Artists take another shot at Stability, Midjourney in updated copyright lawsuit

AI (artificial intelligence) letters and a thumbnail of a robot hand in this illustration taken June 23, 2023. REUTERS/Dado Ruvic/Illustration/File Photo Acquire Licensing Rights

  • The judge found flaws in some of the artists’ arguments in the proposed class action
  • Amended complaint adds new artist plaintiffs, allegations

Nov 30 (Reuters) – A group of visual artists has filed an amended copyright lawsuit against Stability AI, Midjourney and other companies for allegedly misusing their work to train generative artificial intelligence systems.

U.S. District Judge William Orrick dismissed parts of the lawsuit last month, but gave the original plaintiffs permission to restate their claims in a new complaint. Their amended lawsuit, filed Wednesday, adds seven new artists to the proposed class action against Stability, Midjourney, DeviantArt and new defendant Runway AI, as well as more details about the alleged infringement.

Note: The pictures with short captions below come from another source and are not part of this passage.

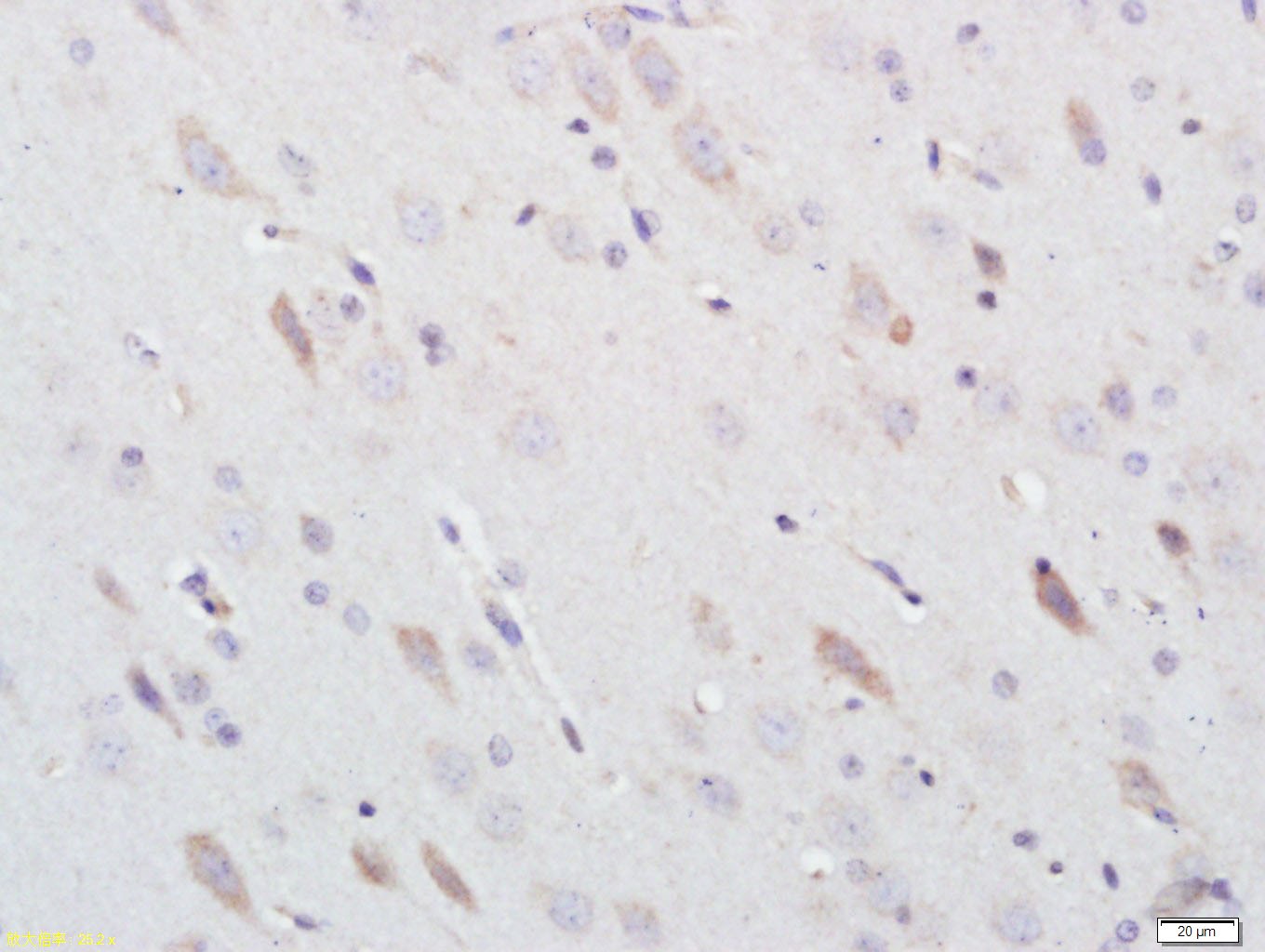 Anti-3-Nitro-L-tyrosine Polyclonal Antibody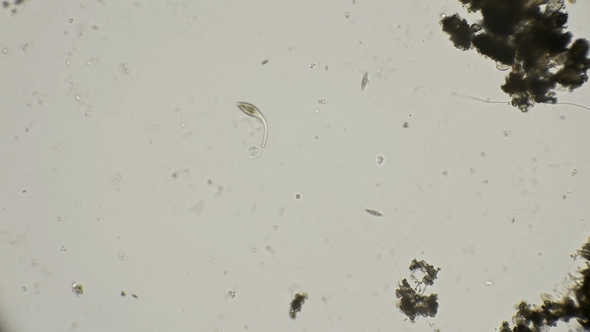 Infusoria Lacrimaria To Hunt and Quickly Moves Under a Microscope alt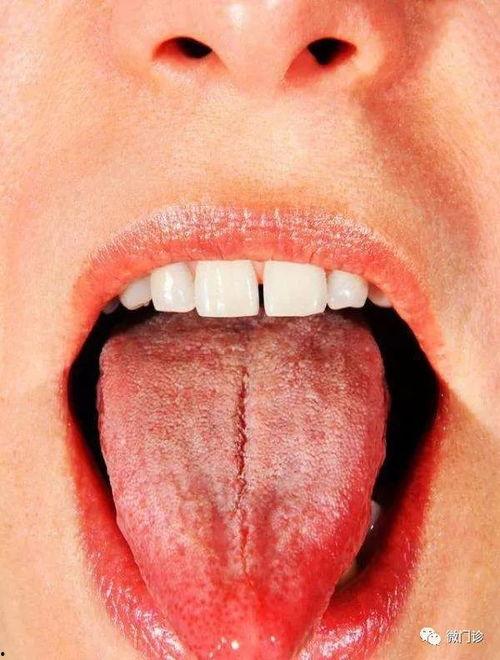 吃小瓜舌头裂纹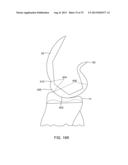 SYSTEMS AND METHODS FOR PROVIDING A MODULAR FEMORAL COMPONENT diagram and image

Representatives for the companies did not immediately respond to requests for comment Thursday.

Illustrators Sarah Andersen, Kelly McKernan and Carla Ortiz initially sued the companies in January, in one of the first of several lawsuits filed by copyright owners against tech companies for allegedly using their work in AI training.

Orrick found flaws in some of the artists’ arguments, including that the companies’ AI output infringes their copyrights, but left intact their main claim that the AI ​​training process infringes their rights.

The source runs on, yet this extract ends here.